WORK ORDER: Omit every picture, then return the listing verbatim.

SOURCE DATA:
· · · · · · ·
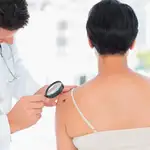 Más de 6.000 casos de melanoma al año en España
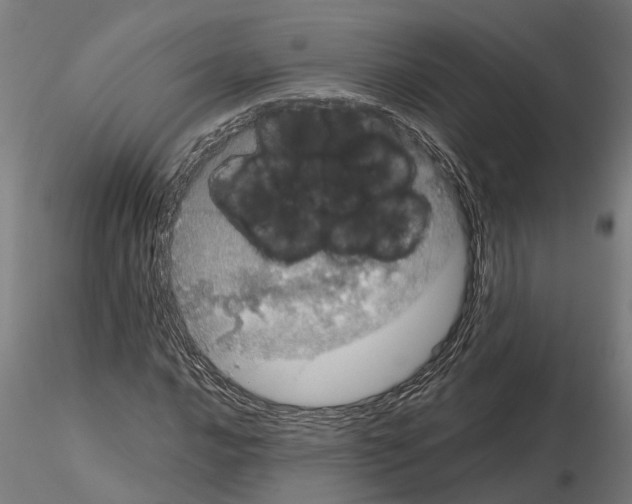 X0000115211016200912091153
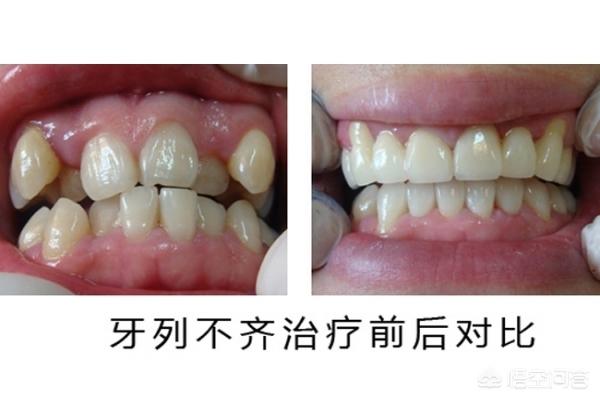 嘉善最新24小时牙医在线咨询方法分析(最方便真实的嘉善有没有24小时牙医方法)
· · · · · · ·
ANSWER BELOW:
 Más de 6.000 casos de melanoma al año en España
 X0000115211016200912091153
 嘉善最新24小时牙医在线咨询方法分析(最方便真实的嘉善有没有24小时牙医方法)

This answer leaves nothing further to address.